The endomembrane system includes the nuclear envelope, the endoplasmic reticulum, Golgi apparatus, lysosomes, vesicles, as well as the plasma membrane. These cellular components work together to modify, package, tag, and transport membrane lipids and proteins.

Art connections

[link] Why does the cis face of the Golgi not face the plasma membrane?

[link] Because that face receives chemicals from the ER, which is toward the center of the cell.

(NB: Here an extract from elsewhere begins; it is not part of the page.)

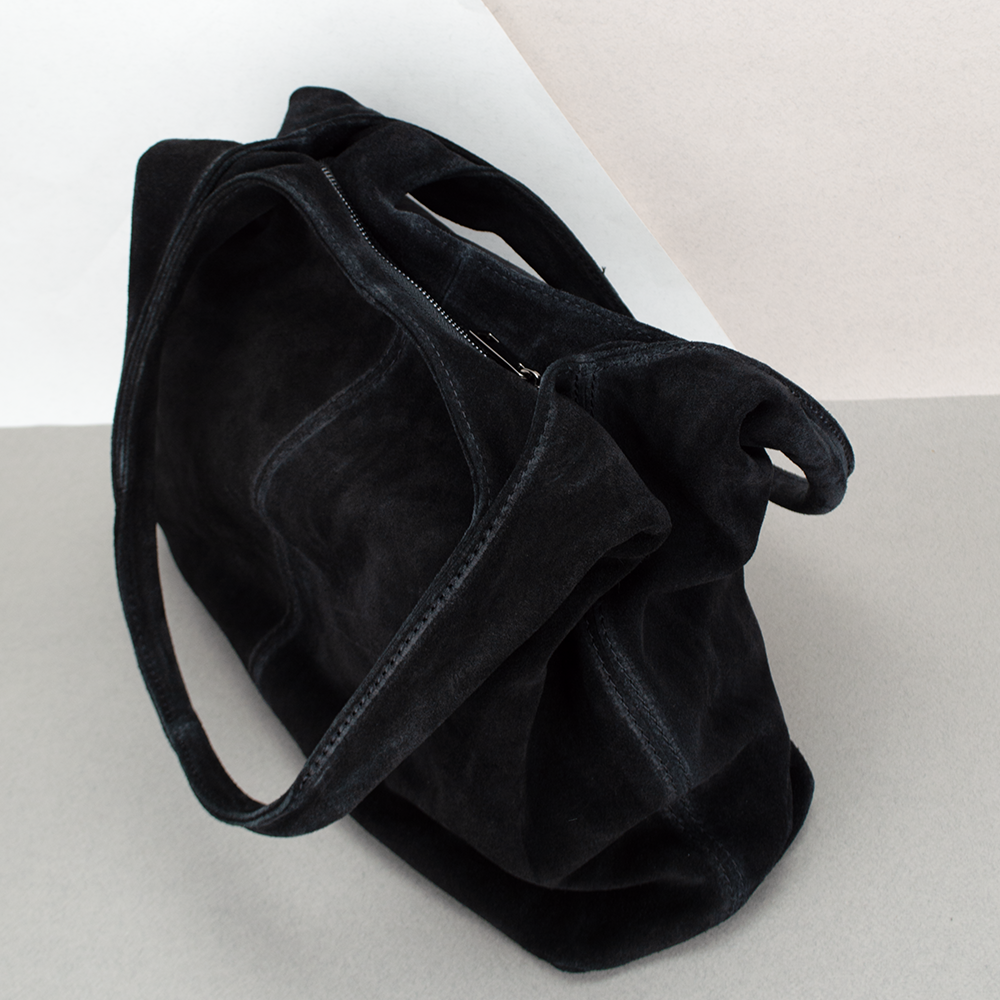 Сумка-шопер жіноча замшева Virginia Conti 03790 Чорний (2430424028) - фото 3 Сумка-шопер жіноча замшева Virginia Conti 03790 Чорний (2430424028) - фото 3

Got questions? Get instant answers now!

Questions & Answers

what is the faction of photo receptors in the eye
Mutangana Reply
transduction of light to nervous impulses occurr it is located in the retina
Maureen
wat are e constituents of blood
marybertiny Reply
Can a cell be destroyed by the bacteria
Makhanya Reply
anamia. because of loss of blood
fon Reply
Name the element which is liquid
Sandeep Reply
hg
RC
CO2
Maureen
Bromine
Aaron
what is the dept of respiration plz?
Maureen
Maureen where are you from
Omokaro
mercury
VANESSA
bromine
VANESSA
which of the muscle can work with out getting tired?
nikkita
heart
Anam
Hg
Samiullah
what is the unit of muscles?
Samiullah
acid are organic or inorganic
Samiullah
why is the baby formed in the uterus n not else where?
Ekali Reply
you may help me ,to know why
mar
lo i am inn
mar
the womb is to protect the baby because inside the womb the lay in a fluid called the amniotic fluid which keeps the baby warm and it also have the placenta which the baby feeds from
Maureen
atom, molecules, organelle, cell, tissue, organ, organ system
Cheila Reply
sub atom atom molecular molecules and cells.
Advertus
cells structural level.
Advertus
what is microorganisms I am a laboratory student.
Advertus
a small organism
Rahbliss
small organism that can only be seen under a microscope
Maureen
i am just interested to be part of ,to learn
mar
explain why is it that old peoples as from the age of 60 usually have eye problems?
Kenn Reply
most old people suffere eye problems.because of short sight where individuals with this kind of problems see only near objects clearly but not distance objects, this is cause by elongated eyeball so light from distance is focus infront the retina so the image on the retina is blurred .
Munyah
plasma DNA cytoplasm Ribosome
Pearl Reply
cell, tissue,organ, organ systems,organism
Pearl Reply
cell is the build block of Life
Pearl
also a smallest unit of life
Frankline
sure..
Pearl
consistsof cytoplsm enclosed with in a membrane which contains many biomolecules such as proteins and nucleic acids
Frankline
differences in the effects of infection by HIV and influenza A virus on host genetic variability.
Yo Reply
i dont know
Ubah
hiv is direct contact of blood or body fluid and if not treated can break down the immune system faster and lead to acids with complications of pneumonia skin infections inflammation of the brain etc.while influenza A is a air borne virus which can cause the common cold pain fever and can be cured
Maureen
A.I.D.S
Maureen
suggest bioingormatics research article plz
peermehirali
what makes the heart to pumps blood?
Jamer Reply
sa node
Ubah
i do think its the nerve tranmission to the brain
Frankline
The contracting and relaxing of the atria and vertricles but the electrical system of the heart is what makes this possible.
keynia
yes which is called autorhymicity
Maureen
Yes,,by sucking blood leading to the weakening of cells,and finally it will be destroyed....
R0se
adrenoline action in brains
Frankline Reply
please describe the human heart brefly
Shah Reply
the size of the heart is like a fist. it has four chambers. the left and right upper atrium which push blood in the lower left and right ventricles which in turns pump blood to the lungs or the rest of the body.
Maureen
how do u prove it
Frankline
Maureen is correct ,
Davis
right
Kenn
right
Ubah
hi
horyaal
mxaa lahayaa
horyaal
What is housing?
Baldwin Reply
is where located you
Ubah

Get the best Human biology course in your pocket!





Source:  OpenStax, Human biology. OpenStax CNX. Dec 01, 2015 Download for free at http://legacy.cnx.org/content/col11903/1.3
Google Play and the Google Play logo are trademarks of Google Inc.

Notification Switch

Would you like to follow the 'Human biology' conversation and receive update notifications?